Below are lines of data, and only some are wanted. Please repeat exactly those from the line that has "Coleccionismo deportivo: Pat&iacute;n" through the line that has "Mobility Scooters for".
Content starts
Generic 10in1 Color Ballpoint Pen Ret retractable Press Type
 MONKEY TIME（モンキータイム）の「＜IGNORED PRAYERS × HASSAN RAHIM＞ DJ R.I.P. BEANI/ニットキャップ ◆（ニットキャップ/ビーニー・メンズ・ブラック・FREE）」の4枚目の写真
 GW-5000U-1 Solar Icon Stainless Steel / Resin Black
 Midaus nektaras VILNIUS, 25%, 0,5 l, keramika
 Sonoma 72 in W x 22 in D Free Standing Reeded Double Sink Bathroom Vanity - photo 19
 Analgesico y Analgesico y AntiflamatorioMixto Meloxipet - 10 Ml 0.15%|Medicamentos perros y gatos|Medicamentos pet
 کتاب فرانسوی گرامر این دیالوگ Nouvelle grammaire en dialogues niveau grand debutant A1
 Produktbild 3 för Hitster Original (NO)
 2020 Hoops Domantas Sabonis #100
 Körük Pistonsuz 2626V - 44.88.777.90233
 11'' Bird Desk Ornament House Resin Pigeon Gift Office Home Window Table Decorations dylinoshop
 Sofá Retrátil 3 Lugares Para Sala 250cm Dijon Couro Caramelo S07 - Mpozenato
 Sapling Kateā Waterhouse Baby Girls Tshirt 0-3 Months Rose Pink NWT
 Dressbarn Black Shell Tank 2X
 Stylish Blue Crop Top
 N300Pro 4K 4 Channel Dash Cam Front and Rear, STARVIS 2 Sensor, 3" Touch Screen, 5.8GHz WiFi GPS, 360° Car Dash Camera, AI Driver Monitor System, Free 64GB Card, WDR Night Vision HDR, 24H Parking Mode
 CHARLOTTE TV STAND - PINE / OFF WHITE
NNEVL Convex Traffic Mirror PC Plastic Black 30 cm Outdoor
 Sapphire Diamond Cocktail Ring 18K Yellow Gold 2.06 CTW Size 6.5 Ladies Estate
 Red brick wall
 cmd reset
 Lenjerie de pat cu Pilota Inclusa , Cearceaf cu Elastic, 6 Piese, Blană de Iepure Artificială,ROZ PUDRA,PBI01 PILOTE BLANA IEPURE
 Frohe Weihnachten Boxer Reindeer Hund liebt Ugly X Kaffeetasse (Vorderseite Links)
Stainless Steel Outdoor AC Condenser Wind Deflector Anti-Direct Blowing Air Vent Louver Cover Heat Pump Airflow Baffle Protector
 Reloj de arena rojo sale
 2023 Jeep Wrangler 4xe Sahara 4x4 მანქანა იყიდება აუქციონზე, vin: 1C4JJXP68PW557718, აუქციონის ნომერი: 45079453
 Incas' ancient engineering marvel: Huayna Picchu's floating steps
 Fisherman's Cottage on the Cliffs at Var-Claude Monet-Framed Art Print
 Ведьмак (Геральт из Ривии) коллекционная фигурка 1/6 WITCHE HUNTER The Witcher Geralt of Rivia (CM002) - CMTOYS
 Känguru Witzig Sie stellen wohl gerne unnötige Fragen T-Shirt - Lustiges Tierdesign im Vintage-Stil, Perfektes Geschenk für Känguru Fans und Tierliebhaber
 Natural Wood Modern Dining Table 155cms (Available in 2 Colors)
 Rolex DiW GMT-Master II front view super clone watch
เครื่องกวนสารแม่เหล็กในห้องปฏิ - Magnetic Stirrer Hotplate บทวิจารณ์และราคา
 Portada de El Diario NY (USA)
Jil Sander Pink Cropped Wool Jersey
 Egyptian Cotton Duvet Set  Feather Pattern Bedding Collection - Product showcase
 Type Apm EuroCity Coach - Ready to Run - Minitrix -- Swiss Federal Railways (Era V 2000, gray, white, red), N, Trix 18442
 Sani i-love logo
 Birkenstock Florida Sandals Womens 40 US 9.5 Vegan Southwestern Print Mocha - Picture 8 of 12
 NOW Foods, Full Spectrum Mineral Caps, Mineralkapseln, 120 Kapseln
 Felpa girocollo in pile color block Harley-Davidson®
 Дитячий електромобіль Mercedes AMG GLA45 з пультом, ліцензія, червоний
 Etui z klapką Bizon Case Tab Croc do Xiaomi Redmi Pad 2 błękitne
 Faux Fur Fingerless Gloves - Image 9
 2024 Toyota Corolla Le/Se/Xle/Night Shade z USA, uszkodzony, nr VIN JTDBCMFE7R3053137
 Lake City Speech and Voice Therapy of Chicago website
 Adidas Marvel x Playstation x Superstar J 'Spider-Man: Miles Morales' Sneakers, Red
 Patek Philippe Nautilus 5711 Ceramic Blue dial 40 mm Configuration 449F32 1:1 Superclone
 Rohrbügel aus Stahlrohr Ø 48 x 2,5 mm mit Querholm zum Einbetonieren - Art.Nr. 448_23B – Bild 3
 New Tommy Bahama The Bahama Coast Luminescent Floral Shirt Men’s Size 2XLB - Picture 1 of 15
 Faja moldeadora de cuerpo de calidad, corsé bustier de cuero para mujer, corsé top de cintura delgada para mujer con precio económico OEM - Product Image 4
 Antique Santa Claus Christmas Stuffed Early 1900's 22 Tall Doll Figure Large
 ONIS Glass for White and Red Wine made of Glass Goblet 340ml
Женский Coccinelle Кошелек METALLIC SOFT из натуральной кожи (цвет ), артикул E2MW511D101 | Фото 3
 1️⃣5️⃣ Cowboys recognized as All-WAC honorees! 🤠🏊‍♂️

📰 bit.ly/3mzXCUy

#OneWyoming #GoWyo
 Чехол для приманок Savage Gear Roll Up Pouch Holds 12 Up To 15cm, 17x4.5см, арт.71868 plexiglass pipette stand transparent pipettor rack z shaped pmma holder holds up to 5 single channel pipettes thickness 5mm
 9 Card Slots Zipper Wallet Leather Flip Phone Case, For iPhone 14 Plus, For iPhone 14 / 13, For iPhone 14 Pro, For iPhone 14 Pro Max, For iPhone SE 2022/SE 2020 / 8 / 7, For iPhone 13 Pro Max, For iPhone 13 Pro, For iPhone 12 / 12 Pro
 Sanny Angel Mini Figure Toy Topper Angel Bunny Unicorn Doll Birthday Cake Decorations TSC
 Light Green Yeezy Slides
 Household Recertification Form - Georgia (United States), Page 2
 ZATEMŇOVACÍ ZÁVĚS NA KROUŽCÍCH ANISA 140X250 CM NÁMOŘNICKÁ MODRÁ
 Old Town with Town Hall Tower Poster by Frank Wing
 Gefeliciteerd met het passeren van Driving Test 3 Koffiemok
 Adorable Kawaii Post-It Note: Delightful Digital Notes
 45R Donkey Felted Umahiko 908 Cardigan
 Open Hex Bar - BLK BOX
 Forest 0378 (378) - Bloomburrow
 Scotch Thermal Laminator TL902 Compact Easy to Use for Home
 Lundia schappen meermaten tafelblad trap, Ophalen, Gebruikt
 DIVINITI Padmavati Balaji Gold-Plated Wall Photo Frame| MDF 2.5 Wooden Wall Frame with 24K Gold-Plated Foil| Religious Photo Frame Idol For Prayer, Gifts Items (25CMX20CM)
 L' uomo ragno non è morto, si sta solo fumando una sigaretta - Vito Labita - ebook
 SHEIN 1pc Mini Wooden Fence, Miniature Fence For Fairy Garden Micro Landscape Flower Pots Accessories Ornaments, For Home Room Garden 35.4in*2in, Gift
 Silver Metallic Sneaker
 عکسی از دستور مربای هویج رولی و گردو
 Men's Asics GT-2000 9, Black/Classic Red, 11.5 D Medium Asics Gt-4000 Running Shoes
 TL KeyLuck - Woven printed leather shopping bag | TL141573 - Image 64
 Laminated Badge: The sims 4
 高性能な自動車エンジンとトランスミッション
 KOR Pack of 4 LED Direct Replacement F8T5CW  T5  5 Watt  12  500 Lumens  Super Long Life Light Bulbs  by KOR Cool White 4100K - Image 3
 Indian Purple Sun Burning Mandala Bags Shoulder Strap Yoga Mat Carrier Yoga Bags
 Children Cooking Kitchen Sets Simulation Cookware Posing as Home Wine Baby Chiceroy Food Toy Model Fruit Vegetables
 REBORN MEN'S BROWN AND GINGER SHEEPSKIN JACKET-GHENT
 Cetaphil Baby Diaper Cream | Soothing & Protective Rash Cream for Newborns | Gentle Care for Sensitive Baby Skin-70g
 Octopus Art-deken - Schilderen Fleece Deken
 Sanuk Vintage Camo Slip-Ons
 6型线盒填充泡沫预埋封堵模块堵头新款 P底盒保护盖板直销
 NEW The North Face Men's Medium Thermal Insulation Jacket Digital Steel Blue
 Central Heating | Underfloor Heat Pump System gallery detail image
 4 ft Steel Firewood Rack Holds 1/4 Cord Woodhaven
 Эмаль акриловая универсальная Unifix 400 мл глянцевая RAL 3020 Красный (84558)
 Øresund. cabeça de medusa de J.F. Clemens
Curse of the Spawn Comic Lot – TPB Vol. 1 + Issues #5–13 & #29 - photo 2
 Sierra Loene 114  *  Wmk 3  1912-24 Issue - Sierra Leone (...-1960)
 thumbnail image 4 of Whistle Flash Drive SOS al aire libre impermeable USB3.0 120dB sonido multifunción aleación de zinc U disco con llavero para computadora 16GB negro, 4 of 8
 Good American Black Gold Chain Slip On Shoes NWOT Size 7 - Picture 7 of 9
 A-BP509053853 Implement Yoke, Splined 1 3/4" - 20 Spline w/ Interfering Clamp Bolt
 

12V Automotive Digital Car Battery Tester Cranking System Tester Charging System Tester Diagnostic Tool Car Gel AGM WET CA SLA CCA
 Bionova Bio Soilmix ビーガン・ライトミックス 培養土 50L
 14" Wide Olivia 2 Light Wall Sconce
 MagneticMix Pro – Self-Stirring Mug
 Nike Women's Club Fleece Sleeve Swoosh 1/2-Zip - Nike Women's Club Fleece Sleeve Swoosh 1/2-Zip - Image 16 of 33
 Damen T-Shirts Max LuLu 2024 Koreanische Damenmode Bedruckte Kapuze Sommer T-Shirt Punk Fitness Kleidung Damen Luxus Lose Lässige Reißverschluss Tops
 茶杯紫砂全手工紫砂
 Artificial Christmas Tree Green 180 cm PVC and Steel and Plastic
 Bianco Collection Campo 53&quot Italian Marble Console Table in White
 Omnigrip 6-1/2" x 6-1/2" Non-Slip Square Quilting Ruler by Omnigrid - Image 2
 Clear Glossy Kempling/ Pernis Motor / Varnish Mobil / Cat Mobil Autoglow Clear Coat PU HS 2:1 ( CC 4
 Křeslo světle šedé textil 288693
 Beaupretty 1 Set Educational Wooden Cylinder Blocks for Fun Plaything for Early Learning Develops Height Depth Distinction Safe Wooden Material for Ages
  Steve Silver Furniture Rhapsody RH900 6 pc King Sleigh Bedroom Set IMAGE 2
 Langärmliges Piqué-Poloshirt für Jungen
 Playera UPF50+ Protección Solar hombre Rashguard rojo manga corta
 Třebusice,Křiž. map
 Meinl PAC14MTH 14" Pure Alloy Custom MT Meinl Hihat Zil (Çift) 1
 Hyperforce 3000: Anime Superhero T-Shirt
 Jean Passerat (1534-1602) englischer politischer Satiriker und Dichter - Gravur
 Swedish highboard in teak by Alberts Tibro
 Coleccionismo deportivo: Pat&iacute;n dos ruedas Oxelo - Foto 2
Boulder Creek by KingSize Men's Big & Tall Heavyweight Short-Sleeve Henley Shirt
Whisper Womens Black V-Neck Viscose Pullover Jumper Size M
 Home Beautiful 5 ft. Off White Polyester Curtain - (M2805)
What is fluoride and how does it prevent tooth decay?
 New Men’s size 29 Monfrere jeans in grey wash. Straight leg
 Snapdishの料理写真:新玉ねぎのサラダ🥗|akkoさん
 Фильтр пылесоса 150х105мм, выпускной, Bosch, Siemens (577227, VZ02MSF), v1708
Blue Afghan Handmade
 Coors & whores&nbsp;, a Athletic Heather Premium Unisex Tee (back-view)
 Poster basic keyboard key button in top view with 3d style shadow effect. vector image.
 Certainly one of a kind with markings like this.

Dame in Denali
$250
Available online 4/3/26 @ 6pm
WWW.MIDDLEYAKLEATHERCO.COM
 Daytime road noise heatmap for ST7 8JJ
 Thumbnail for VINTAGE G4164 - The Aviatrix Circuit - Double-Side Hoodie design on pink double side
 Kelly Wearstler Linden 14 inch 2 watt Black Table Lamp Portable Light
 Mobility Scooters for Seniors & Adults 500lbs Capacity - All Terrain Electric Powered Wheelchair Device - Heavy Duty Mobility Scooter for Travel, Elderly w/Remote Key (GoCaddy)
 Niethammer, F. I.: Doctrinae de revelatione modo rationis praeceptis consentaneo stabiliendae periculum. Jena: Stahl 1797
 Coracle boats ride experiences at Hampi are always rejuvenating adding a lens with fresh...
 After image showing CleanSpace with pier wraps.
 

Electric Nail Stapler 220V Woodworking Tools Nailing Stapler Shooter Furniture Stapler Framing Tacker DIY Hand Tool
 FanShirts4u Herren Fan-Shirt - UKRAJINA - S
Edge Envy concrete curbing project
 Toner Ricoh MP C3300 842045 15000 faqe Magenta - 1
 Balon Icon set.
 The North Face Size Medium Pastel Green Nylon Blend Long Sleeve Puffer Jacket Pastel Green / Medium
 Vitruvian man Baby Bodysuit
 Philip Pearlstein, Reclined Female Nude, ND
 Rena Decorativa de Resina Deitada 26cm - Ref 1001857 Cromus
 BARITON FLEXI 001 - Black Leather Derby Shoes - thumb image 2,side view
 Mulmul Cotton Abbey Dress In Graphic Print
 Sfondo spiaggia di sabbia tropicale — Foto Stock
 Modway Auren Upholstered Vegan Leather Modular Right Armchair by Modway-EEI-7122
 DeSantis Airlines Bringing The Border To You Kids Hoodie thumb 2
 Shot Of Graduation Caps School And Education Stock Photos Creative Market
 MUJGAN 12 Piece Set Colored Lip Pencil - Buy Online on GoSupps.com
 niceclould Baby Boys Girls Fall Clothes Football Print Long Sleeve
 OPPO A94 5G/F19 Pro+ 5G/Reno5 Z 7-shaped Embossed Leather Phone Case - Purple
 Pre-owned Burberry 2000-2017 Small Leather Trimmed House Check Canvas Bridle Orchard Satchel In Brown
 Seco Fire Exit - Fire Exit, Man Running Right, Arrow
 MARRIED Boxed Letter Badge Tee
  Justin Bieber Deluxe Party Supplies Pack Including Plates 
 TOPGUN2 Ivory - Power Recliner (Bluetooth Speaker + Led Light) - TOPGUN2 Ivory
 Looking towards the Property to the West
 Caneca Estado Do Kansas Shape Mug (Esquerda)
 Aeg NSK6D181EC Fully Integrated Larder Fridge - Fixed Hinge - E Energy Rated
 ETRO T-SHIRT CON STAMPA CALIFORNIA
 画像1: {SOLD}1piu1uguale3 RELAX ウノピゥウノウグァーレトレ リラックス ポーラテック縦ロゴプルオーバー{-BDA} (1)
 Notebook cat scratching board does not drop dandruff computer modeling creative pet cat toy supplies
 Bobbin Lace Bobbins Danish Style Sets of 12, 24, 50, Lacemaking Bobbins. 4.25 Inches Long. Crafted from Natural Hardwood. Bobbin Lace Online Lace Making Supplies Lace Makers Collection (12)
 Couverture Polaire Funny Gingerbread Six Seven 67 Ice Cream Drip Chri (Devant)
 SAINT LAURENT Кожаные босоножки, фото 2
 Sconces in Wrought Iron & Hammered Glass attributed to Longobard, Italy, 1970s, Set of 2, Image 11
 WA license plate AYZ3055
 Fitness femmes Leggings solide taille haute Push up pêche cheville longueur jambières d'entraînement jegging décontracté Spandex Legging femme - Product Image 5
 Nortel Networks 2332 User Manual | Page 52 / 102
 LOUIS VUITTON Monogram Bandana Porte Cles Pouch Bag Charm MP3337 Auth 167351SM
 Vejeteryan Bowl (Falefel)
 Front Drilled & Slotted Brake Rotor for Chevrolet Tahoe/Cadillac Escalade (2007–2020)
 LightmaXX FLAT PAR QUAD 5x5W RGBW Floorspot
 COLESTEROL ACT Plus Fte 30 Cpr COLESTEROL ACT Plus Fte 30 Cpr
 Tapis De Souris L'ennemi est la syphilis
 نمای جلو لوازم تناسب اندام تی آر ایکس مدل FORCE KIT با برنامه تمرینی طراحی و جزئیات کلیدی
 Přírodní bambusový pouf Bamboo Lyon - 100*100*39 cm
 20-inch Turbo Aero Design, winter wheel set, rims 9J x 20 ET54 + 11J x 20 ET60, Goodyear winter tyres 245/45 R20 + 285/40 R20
Content ends
**YOUR RESPONSE:**
 Coleccionismo deportivo: Pat&iacute;n dos ruedas Oxelo - Foto 2
Boulder Creek by KingSize Men's Big & Tall Heavyweight Short-Sleeve Henley Shirt
Whisper Womens Black V-Neck Viscose Pullover Jumper Size M
 Home Beautiful 5 ft. Off White Polyester Curtain - (M2805)
What is fluoride and how does it prevent tooth decay?
 New Men’s size 29 Monfrere jeans in grey wash. Straight leg
 Snapdishの料理写真:新玉ねぎのサラダ🥗|akkoさん
 Фильтр пылесоса 150х105мм, выпускной, Bosch, Siemens (577227, VZ02MSF), v1708
Blue Afghan Handmade
 Coors & whores&nbsp;, a Athletic Heather Premium Unisex Tee (back-view)
 Poster basic keyboard key button in top view with 3d style shadow effect. vector image.
 Certainly one of a kind with markings like this.

Dame in Denali
$250
Available online 4/3/26 @ 6pm
WWW.MIDDLEYAKLEATHERCO.COM
 Daytime road noise heatmap for ST7 8JJ
 Thumbnail for VINTAGE G4164 - The Aviatrix Circuit - Double-Side Hoodie design on pink double side
 Kelly Wearstler Linden 14 inch 2 watt Black Table Lamp Portable Light
 Mobility Scooters for Seniors & Adults 500lbs Capacity - All Terrain Electric Powered Wheelchair Device - Heavy Duty Mobility Scooter for Travel, Elderly w/Remote Key (GoCaddy)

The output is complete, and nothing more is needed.